Arne Duncan: Testocracy Tsar. Educational Alchemist. Corporate lackey
Arne Duncan, the U.S. Secretary of Education is set to resign at the close of the 2015, ending his tenure as one of the most destructive forces against public education in history.
“He’s done more to bring our educational system, sometimes kicking and screaming, into the 21st century than anyone else,” President Obama gushed announcing Duncan’s resignation last October. Obama’s words were meant as praise for the Secretary, but in this one aspect of the assessment of Duncan I have to agree with the President. There can be no doubt that Duncan inflicted policies that caused students and educators to cry out for help.
Duncan’s official title may have been Secretary of Education, but his real role has been the “testocracy tsar.” His signature policies of Race to the Top and Common Core have been singularly focused on promoting high-stakes, standardized test-and-punish policies.
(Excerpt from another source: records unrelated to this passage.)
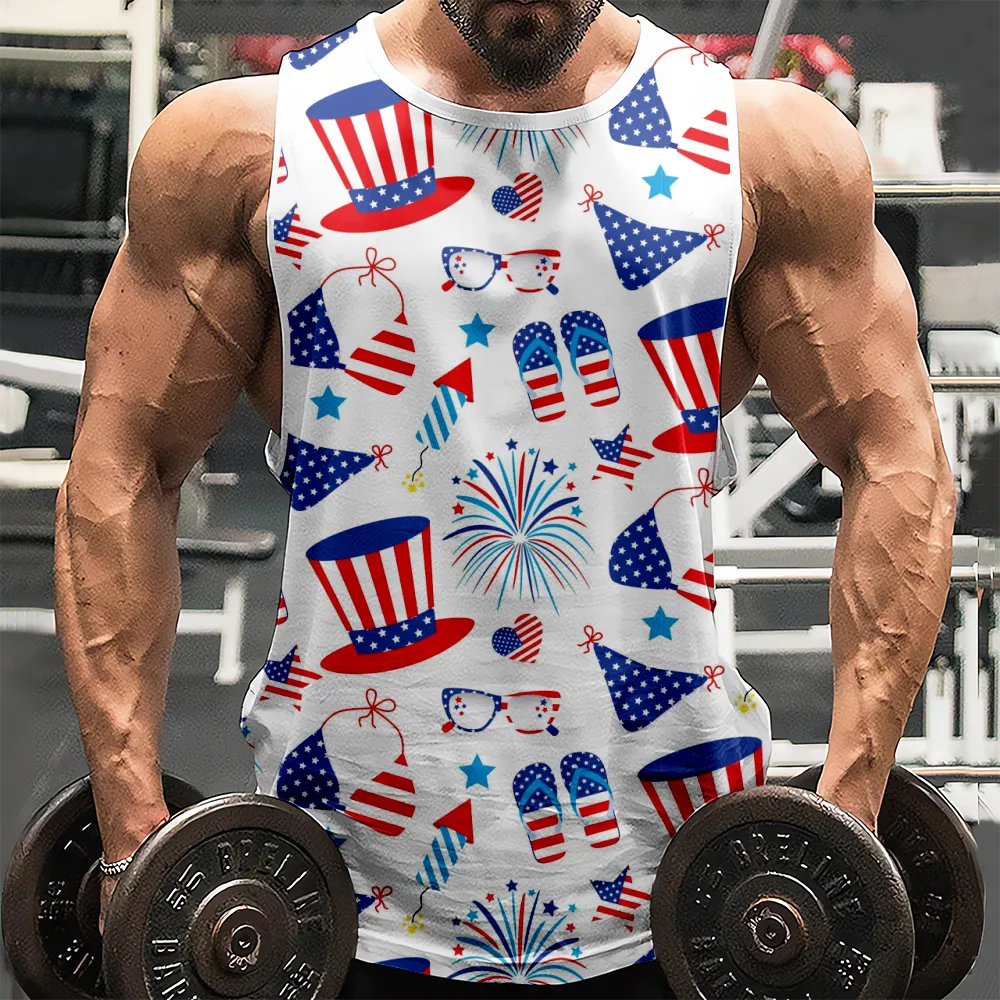 4th of July Round Neck Plus Size Comfortable Boys Tank Top American Flag USA Flag 4th of July Eagle Sleeveless Muscle Tees for Gym Workout Party(H227,100)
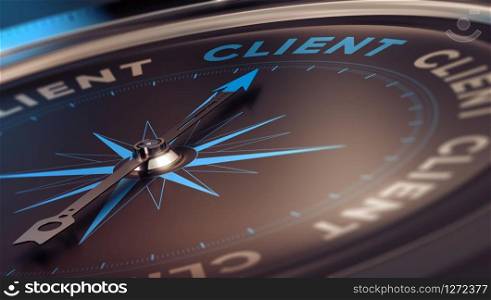 Compass with needle pointing the word client, concept image to illustrate CRM, customer relationship management.. Client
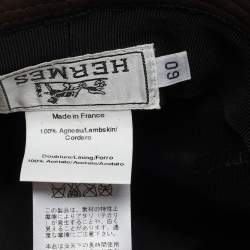 Pre Owned Hermès Brown Suede Bucket Hat Size 60 cm
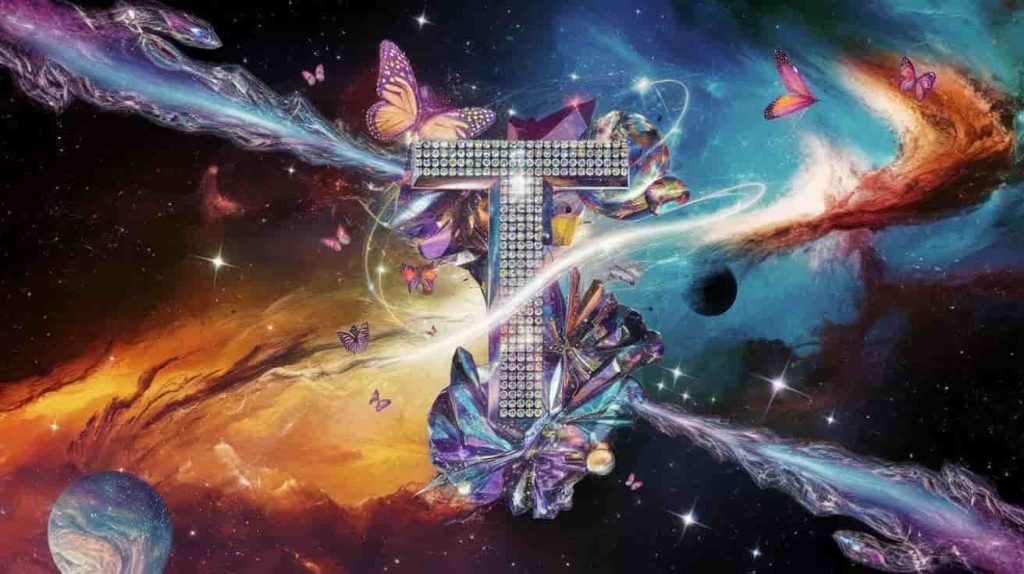 A vibrant surreal collage with a crystal letter T at the center, surrounded by butterflies, stars, and swirling galaxies, symbolizing a journey of transformation against a cosmic backdrop.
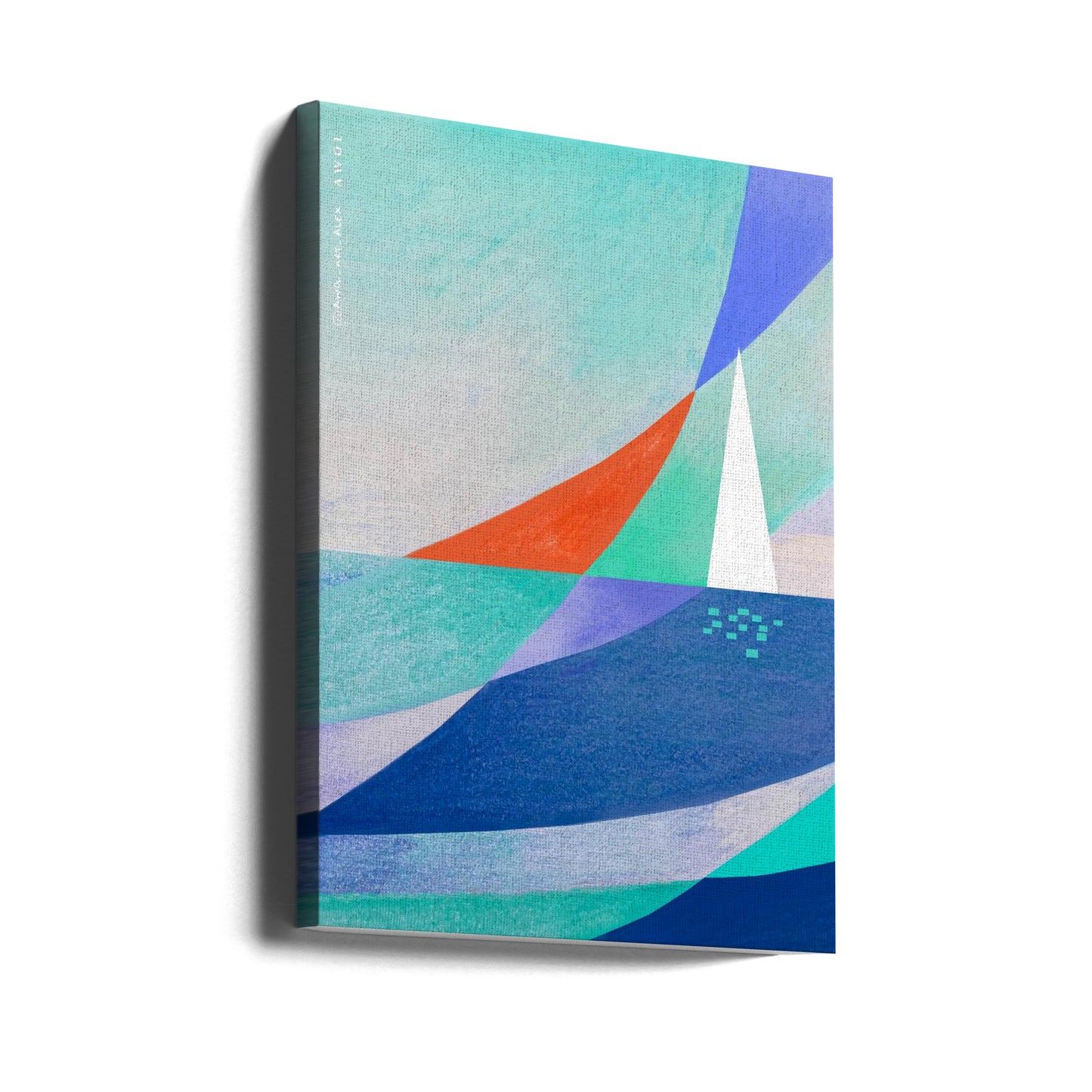 Art océanique abstrait avec voilier blanc minimaliste sur la mer | Tableaux sur Toile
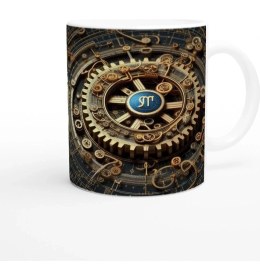 Resim Başak Burcu Baskılı Kahve Kupası - Zamanın Çarkları Astroloji Mekanizması Vs4 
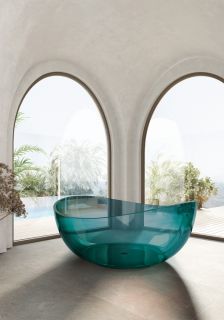 Прозрачная ванна ABBER Kristall AT9705Aquamarin из полиэфирной смолы 150см бирюзовый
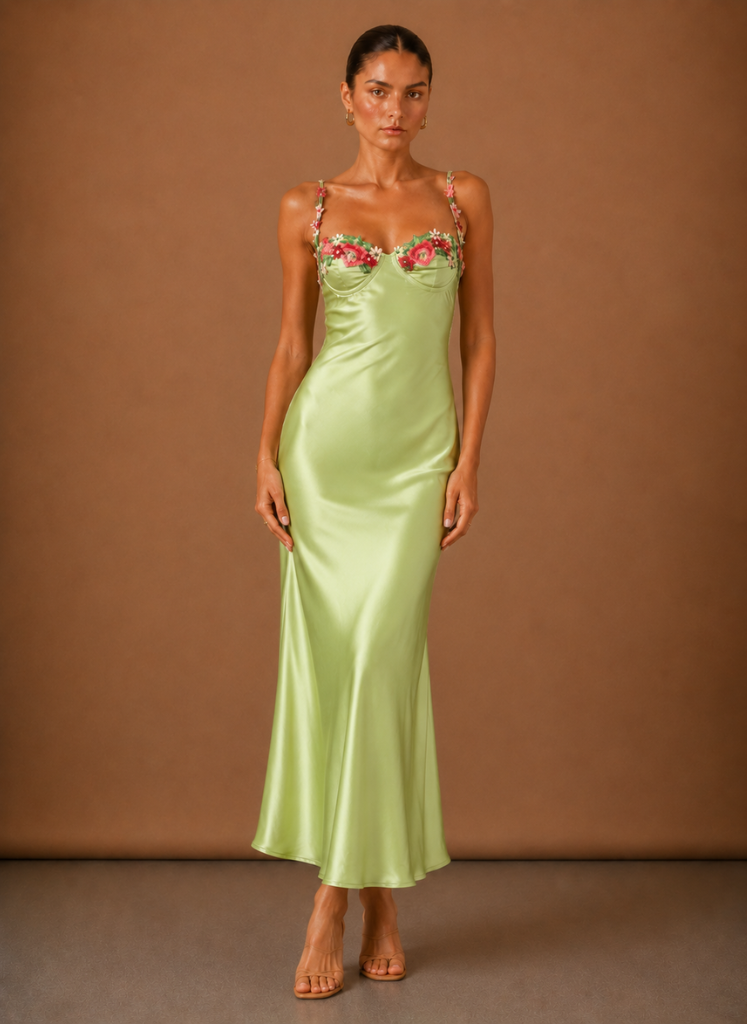 Women’s Satin Floral Detail Maxi Dress – Elegant Evening Occasion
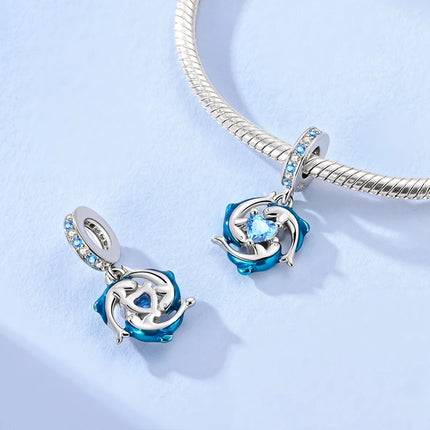Charm 925 Silver Blue Ocean Life Theme Charm Beads Fit 3mm Original Bracelet For Women DIY Pendants Luxury Jewelry Gift Hot Sale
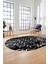 Baskılı Kaymaz Taban Yıkanabilir Şık Modern Yolluk Mutfak Oval Salon Halısı O-Modern-03-Antrasit 2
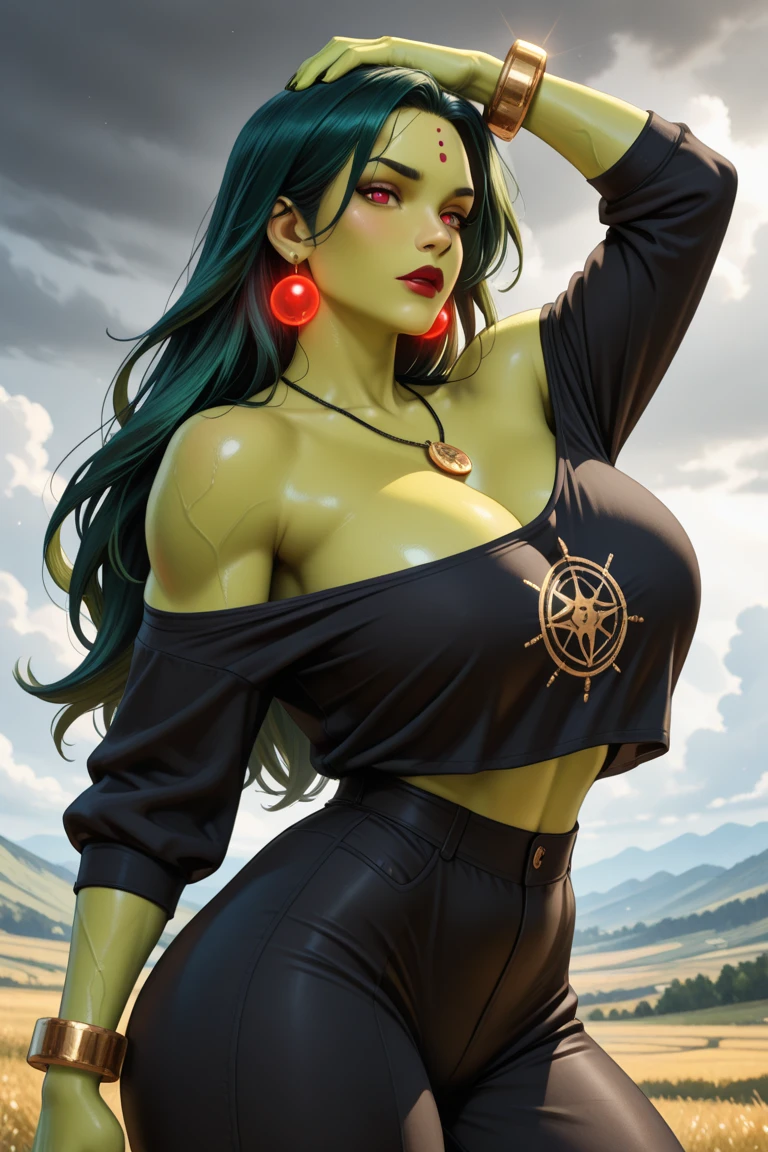 Gamora has large breasts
For example, in order for states to compete for grant money under Race to the Top, Duncan required them to increase the use of standardized testing in teacher evaluations. Duncan’s championing of the Common Core State Standards—and the tests that came shrink-wrapped with them—has ushered in developmentally inappropriate standards in the early grades that punish late bloomers, while further entrenching the idea that the intellectual and emotional process of teaching and learning can be reduced to a test score. For many, Duncan will be remembered as an educational alchemist who attempted to turn education into “testucation”—with the average student today subjected to an outlandish 112 standardized tests between preschool and high school graduation. The highest concentration of these tests are in schools serving low-income students and students of color.
In addition, Duncan has been widely derided as “the national school superintendent” for the way he held waivers to the No Child Left Behind Act over the heads of state officials. NCLB set an unattainable goal of 100% proficiency in math and reading for every school in the country by 2014. As per the plan, not a single state reached the proficiency goals, and schools could only escape sanction by the federal government if they were granted a waiver—which Duncan would only grant to states who would agree to more testing.
This hit home for me last year when my state of Washington refused to mandate standardized tests in teacher evaluations. Arne Duncan then took off his gloves and showed he wasn’t afraid to punish children by revoking the NCLB waiver for the state. With the waiver gone, nearly all of Washington’s schools were labeled failures, resulting in the loss of control of millions of dollars in federal money.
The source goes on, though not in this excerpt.